8/31・9/1と2日間かけてバスを乗り継ぎ、タンザニア内陸の町・ドドマにやってきました。道中、4時間遅れてやってきたバスにやっとのりこむとオーバーブッキングのため、9時間近く混んだ車内で立ちっぱなしになったり、車の振動で舌を噛んだりと、あいかわらずタンザニア的です(料金の高いバス会社を選べばそんなことはない、はず)。
たいていの世界地図では事実上の首都・ダルエスサラームに赤丸がついていますが、国会も開かれているここ・ドドマが名目上はタンザニアの首都とされています。そしてこの町を中心とするドドマ地方には、すばらしい歌声とともにリンバやゼゼを奏でるゴゴ民族が住んでいます。
到着翌日9/2、師・フクウェ=ザウォセの出身地・ブギリ村に行き、大学の卒業論文を書く際にお世話になったムゼー=バランガティ(バランガティ=チコロンゴ氏。大型のリンバ、すなわちイリンバを初めて作った人物とザウォセ家では言われている)を訪ねました。ムぜーは不在でしたが、息子のムサフィリに会うことができ、おしゃべりをしているうちになんとなく演奏が始まりました。

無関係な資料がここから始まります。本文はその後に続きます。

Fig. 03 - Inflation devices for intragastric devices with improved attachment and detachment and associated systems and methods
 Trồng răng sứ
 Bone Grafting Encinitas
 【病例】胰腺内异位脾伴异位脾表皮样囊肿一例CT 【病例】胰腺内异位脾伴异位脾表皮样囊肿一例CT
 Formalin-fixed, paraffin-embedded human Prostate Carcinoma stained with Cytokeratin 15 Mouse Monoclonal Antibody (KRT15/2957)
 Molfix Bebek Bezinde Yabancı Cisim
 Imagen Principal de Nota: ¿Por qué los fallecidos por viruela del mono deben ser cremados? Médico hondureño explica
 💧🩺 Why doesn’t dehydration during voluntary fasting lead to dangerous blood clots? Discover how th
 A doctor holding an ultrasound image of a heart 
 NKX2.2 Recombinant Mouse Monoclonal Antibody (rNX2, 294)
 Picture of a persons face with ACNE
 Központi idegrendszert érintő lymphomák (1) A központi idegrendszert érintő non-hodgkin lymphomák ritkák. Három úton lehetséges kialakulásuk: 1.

ムゼーが作ったリンバのきらびやかな鳴りの良さ。バガモヨのチビテとは異なるシンプルなゴンゴーラの旋律。家事の手を休めてコーラスに参加してきた女性たちの豊かな歌声。風を受けてトウモロコシの葉がたてる静かな音。
庭から地平線が見渡せるような開放的な村に響きわたり、子どもたちを先頭に人が集まってきます。
ゴゴ民族にはこんなグループがたくさんあって、お祭りのときに演奏するほか観光客向けのショーを行ったりと、さかんに活動しています。ついつい、消えてなくなりそうなニャキュサ民族のリンバに思いをはせてしまう。
さてムサフィリの弟・パウロが擦弦楽器・ゼゼ=カンバ=ンビリ(2弦のゼゼ)を出してきました。
あれ、弦を擦るための弓が見あたらない。なんと、かたわらに置いてあった棒で演奏を始めました。
バオバブの幹の皮をはった弓よりも、乾いた音がする。きけば、よくしなるンスングスングという木の棒に松脂・ホレコを塗ってあるそうです。
明日からブギリ村に荷物を移し、ここを拠点に周辺の村を含めて見物してまわることに決めました。